This post is a continuation from yesterday’s post.
Why are we lying to each other and saying that you must date a poor man in order to be happy? If you don’t have a man then you’ve somehow set your standards too high to find love? If he’s poor then he’s probably the one for you and you’re not giving him a chance.
The devil is a lie. I’m not down for no struggle love. Let’s be clear…this is specifically referring to dating. I’m not asking a man to take me to a Michelin starred restaurant, but it shouldn’t be out of the question for a special occasion such as an anniversary. I’m not against moderately priced outings. I’m pretty low key.
If a man makes $20,000 a year and is not in school, how is he providing for himself? Why aren’t you asking what his ambitions or dreams are? If he’s content working at McDonald’s with no dreams or aspirations of better, should you really be continuing down the path of poverty with this man?

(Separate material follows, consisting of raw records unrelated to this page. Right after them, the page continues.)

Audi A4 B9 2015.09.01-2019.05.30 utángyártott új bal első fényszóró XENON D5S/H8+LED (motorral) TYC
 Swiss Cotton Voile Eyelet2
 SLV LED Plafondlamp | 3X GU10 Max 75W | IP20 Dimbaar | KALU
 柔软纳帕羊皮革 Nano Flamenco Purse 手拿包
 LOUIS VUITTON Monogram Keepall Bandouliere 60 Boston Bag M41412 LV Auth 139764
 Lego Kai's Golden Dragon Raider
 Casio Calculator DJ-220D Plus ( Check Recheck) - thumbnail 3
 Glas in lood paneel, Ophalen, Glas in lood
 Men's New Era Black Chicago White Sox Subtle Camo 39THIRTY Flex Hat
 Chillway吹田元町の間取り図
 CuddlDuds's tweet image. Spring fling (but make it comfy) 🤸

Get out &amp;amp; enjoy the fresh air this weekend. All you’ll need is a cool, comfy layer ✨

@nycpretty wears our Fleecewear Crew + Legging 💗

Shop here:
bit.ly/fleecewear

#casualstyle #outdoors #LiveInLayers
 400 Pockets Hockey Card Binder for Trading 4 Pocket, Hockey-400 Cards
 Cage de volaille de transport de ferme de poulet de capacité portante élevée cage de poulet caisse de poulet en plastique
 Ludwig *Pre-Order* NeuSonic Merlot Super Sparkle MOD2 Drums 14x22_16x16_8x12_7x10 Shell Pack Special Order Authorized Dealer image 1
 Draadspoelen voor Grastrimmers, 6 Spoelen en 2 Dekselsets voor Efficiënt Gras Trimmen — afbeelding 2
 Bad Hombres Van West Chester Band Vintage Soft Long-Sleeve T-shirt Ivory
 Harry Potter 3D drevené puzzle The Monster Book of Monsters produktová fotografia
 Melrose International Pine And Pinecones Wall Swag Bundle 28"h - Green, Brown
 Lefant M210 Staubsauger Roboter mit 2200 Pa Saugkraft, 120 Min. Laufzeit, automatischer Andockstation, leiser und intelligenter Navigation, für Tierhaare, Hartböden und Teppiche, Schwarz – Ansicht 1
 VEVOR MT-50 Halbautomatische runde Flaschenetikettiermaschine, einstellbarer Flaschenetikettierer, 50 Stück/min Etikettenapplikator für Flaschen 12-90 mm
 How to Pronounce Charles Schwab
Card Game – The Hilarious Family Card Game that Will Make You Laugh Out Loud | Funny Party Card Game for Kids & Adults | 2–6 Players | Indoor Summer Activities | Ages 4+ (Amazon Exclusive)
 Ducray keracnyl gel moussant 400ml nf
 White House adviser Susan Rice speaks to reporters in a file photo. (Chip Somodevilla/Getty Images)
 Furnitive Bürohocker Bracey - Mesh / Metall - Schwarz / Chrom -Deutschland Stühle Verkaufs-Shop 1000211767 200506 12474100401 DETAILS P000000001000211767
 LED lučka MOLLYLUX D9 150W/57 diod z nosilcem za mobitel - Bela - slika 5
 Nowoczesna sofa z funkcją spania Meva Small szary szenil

That’s how women get d*ckmatized. We start spreading our legs and letting that good d*ck interfere with our judgement. Stop it sis! It’s not worth it. Trust me….I’ve been there and done that.
A good man isn’t defined by his bedroom skills. That is an added benefit of course, but if he’s that good, you need him to work the club scene/private escort scene to up his financial status and be able to provide for you. LOL.
Seriously though, I think that we need to stop deluding ourselves into believing that we could be happy dating someone who can’t afford to date you and you’re over 40. He doesn’t have to be rich because money doesn’t make a man but we need to be honest with our expectations and hold true to our beliefs. Struggle love at 40 is not cute. Want another visual? Your mama is 65, would you want her dating a man that became a financial burden on her and she’s close to retirement?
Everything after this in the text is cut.